Prompt
The answer is to be the data that follows, transcribed exactly, minus its pictures.

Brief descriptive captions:
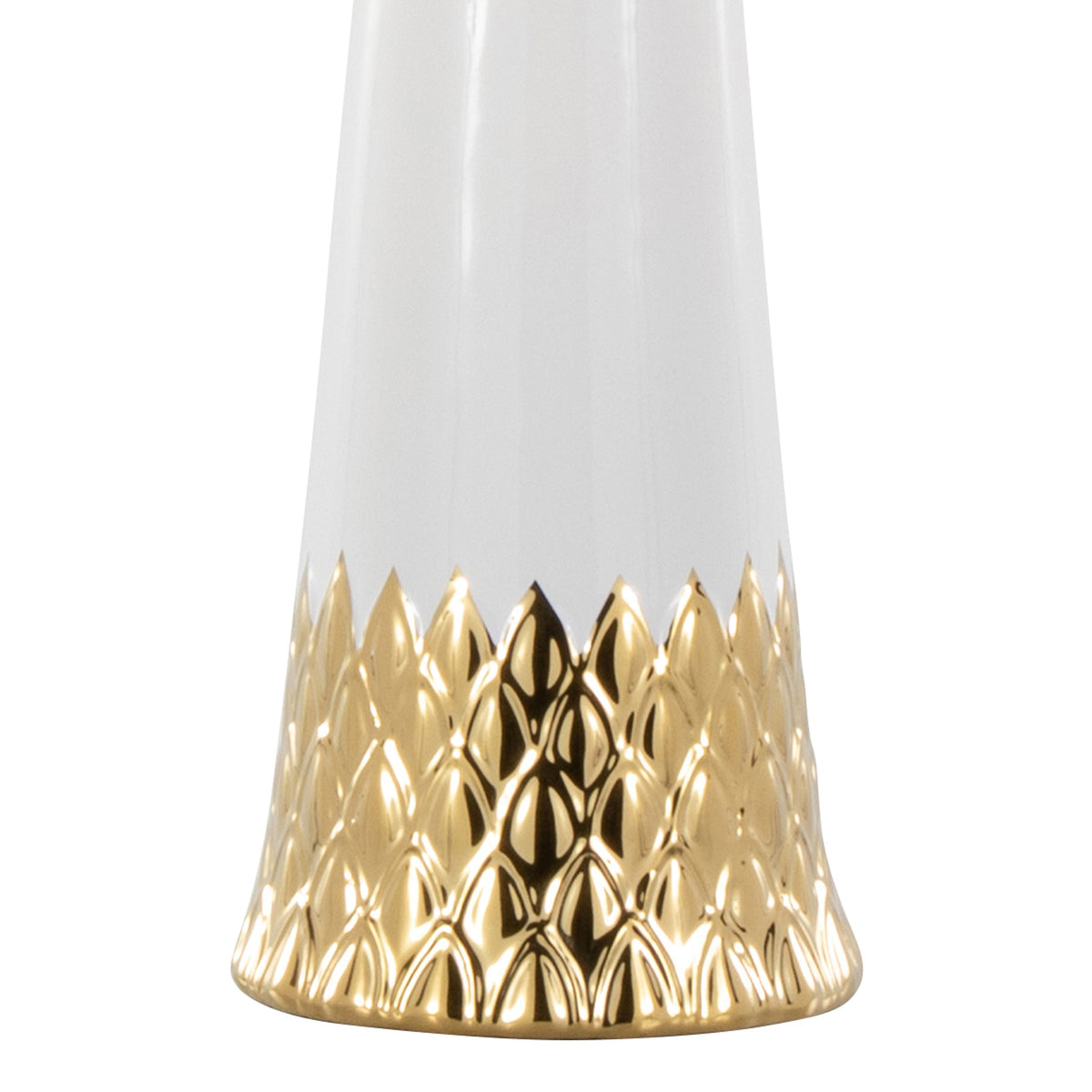 Penelope 22' Contemporary Ceramic Table Lamp with White & Gold Ceramic Body and White Shade by LumiSource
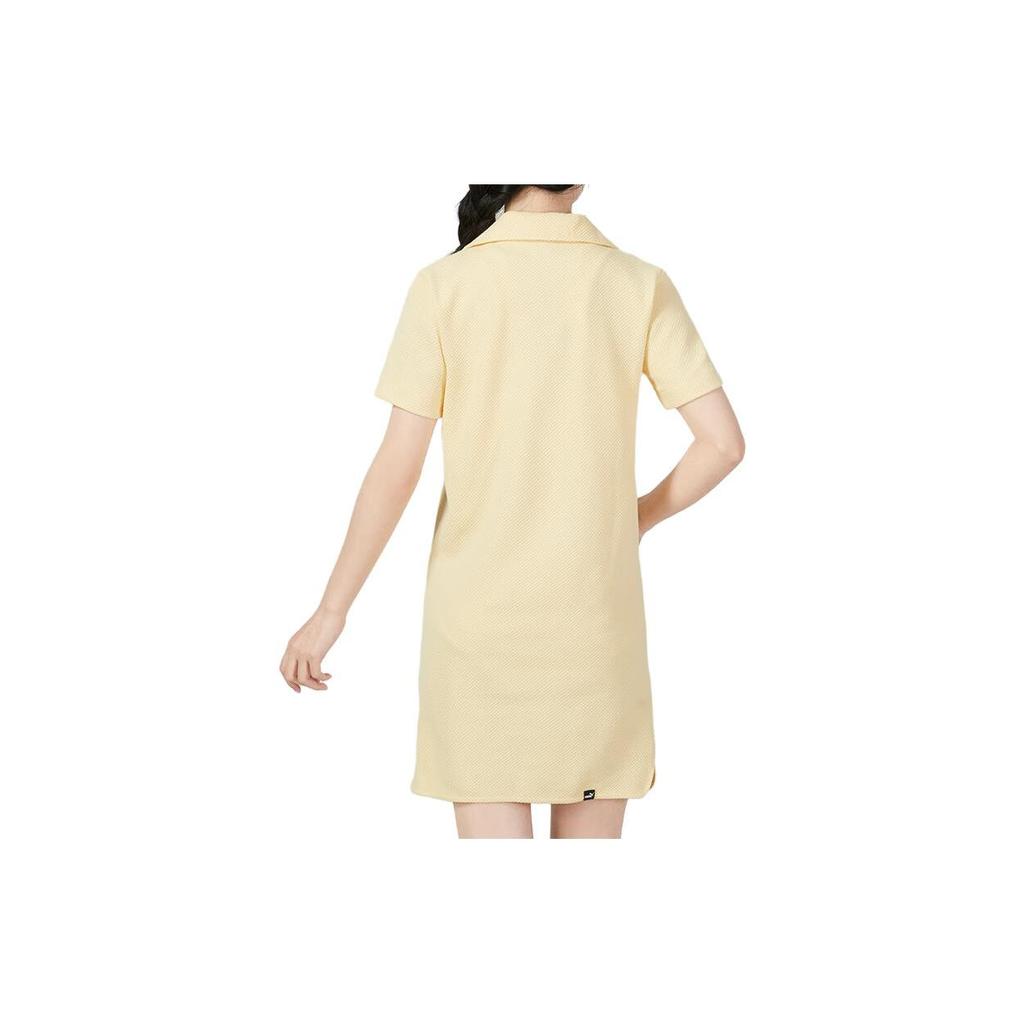 Puma Solid Color Polo Collar Casual Simple Comfortable T-Shirt Dress Women Dress Yellow 676658-42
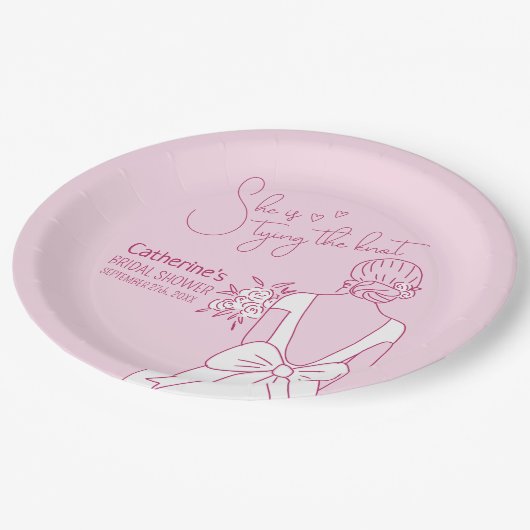 Handgezeichnetes rosa Bow Hochzeitskraut-Brautpart Pappteller (Schrägansicht)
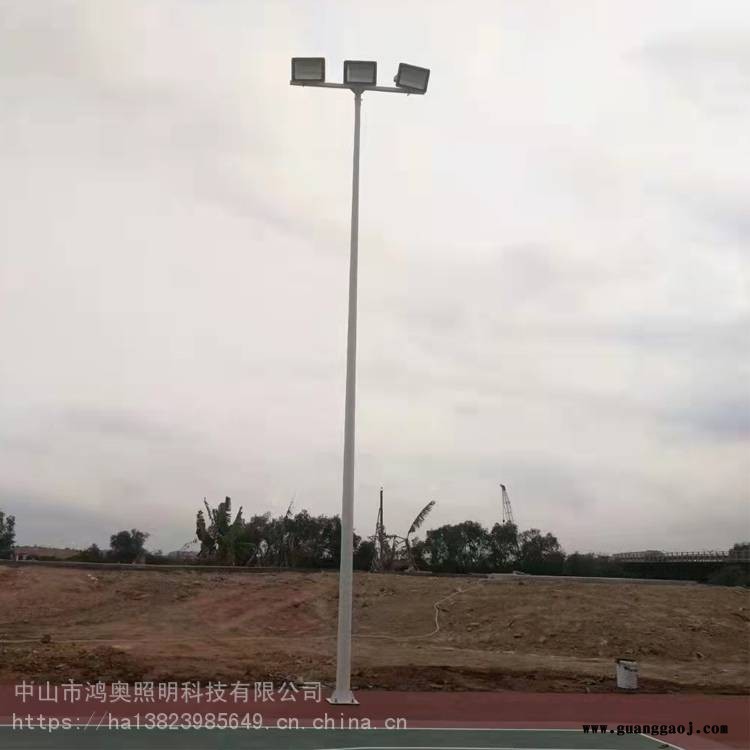 阳江7米一拖四篮球场灯杆 球场led双向投光灯鸿奥照明LED灯光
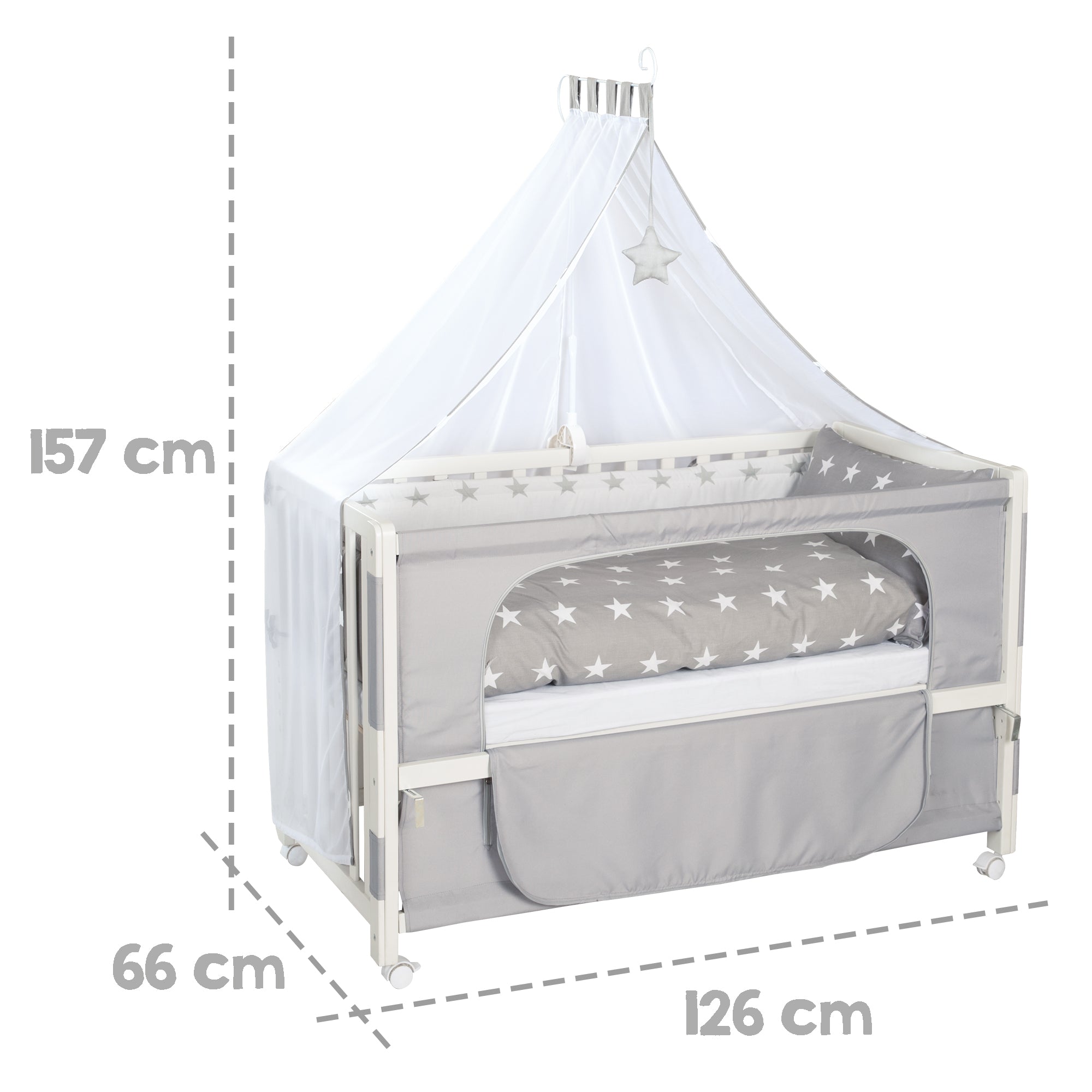 Roba 216002WEV190 Room Bed, 60x120 cm Little Stars weiß - Produktbild 4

Completed task
 Penelope 22' Contemporary Ceramic Table Lamp with White & Gold Ceramic Body and White Shade by LumiSource
 Puma Solid Color Polo Collar Casual Simple Comfortable T-Shirt Dress Women Dress Yellow 676658-42
 Handgezeichnetes rosa Bow Hochzeitskraut-Brautpart Pappteller (Schrägansicht)
 阳江7米一拖四篮球场灯杆 球场led双向投光灯鸿奥照明LED灯光
 Roba 216002WEV190 Room Bed, 60x120 cm Little Stars weiß - Produktbild 4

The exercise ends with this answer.